The thing that kills me is that there are a lot of us making wise financial choices, but still have a hard time making ends meet.  There are many who could legitimately need some assistance to make it through a rough patch, but PLEASE let's not bail out idiocy.  I am all for charity when someone finds themselves in the tough moments of their lives, but rewarding bad decisions can only lead to more bad decisions.  Unfortunately, some people who do dumb things need to lose their home.  Sad, but it's the reality.  

Joshua Pettus

Home Grown Real Estate

600 Ford Road 

Muscle Shoals, AL 35661

256.272.1050

jbpettus@homegrownrealestate.net

http://www.homegrownrealestate.net

 

Robert Rauf
CMG Home Loans - Toms River, NJ

Joshua, I call it Financial Darwinisim.. .Some people are not smart enough to own a home and will lose it because of it.  They signed the bottom line, knowing what their payments were, but it is EVERYONE's Fault BUT theirs??

Bad things happen to good people yes... But so often people just do dumb things and they should learn from their mistakes, not be rewarded for them.

Dec 20, 2010 03:59 AM
Joshua Pettus
Home Grown Real Estate - Buy Sell Remodel Build - Florence, AL
Realtor, Florence, Alabama Real Estate

Exactly, Robert.  I just don't understand why these people think they were entitled to stay.  Financial Darwinism is a great term.  Some people will always be wealthy and some people will always stay poor.  Money doesn't come to someone by luck.  

Dec 20, 2010 04:02 AM
Garth Jones
Prudential Tropical - Valrico, FL

VERY FEW people that have lost their homes did anything at all to try to save it.  There was a lot of mortgage fraud taking place, but there were a lot of people that beleived something that was too good to be true.

 

Dec 20, 2010 07:08 AM
Joshua Pettus
Home Grown Real Estate - Buy Sell Remodel Build - Florence, AL
Realtor, Florence, Alabama Real Estate

Garth, from what I've seen, most mortgage companies will call and call and call to be able to work something out with you.  The last thing they want is for you to be foreclosed on.  They'll literally hound you to death to get you to work with them.  They can't help you if you ignore all their phone calls and letters. 
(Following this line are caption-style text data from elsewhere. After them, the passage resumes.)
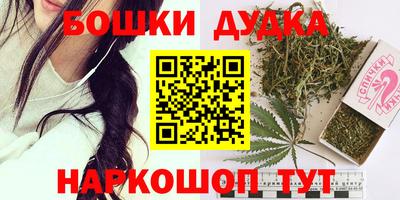 гидра Апрелевка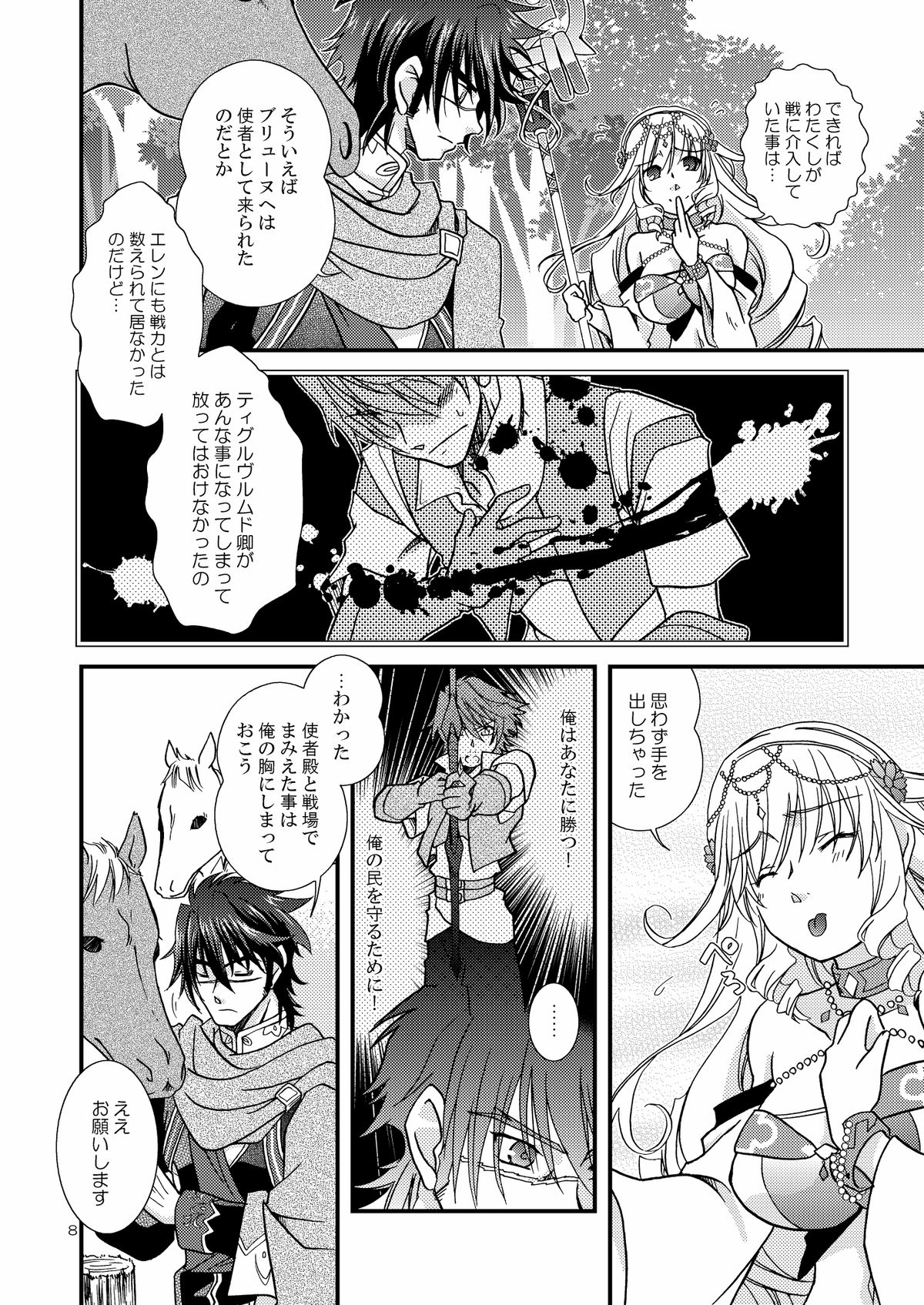 Chanto Aratte Kaesukara page 7 full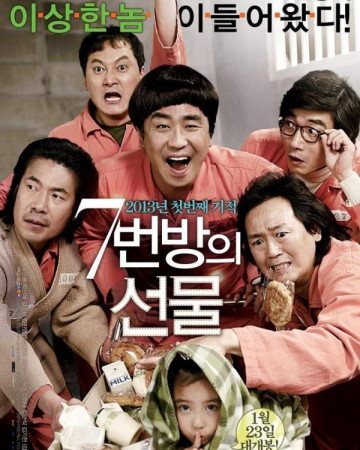 7번.방의.선물.Miracle.in.Cell.No.7.2013.BluRay.1080p.x265.10bit.AAC-highcal…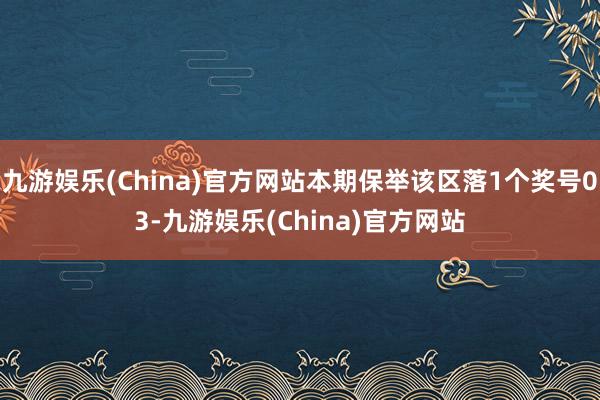 九游娱乐(China)官方网站本期保举该区落1个奖号03-九游娱乐(China)官方网站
I'm pretty sure there was a lot of mortgage fraud taking place, too, but probably not as much as the media would like for us to believe.  Some people who were dumb enough to sign on the bottom line are now screaming fraud because they can't make the payments.  Not all of it is fraud... a lot of it is just dumb consumers.  

Having said all that, I have some pretty high ethics for myself in that I'm very protective over my clients and really work hard to make sure they don't get in over their heads.  The last thing I want is to find out one of my clients bought a house they couldn't afford.  I rely on those clients for referrals, so I want them to have a positive experience so they'll send me more business. 

Dec 20, 2010 07:28 AM
Anonymous
tom shoe

Thanks for speaking up.

I am tired of the NPR sickness.  I don't understand what motivates them to lie.

Any one can do the math and any one should know better.  They are trying to invent the news.

Too bad, because they have good science reporting and poltical reporting.  Just every few days they try to invent another race issue or class-issue.  They are sick.

Dec 20, 2010 03:08 PM
#5
Robert Rauf
CMG Home Loans - Toms River, NJ

Even our founding fathers were smart enough to write: "the Pursuit of Happiness" not the promise of it... we have to work hard to get what we have and to keep what we have, that is the foundation of our country, somehow every one seems to have forgotten about that!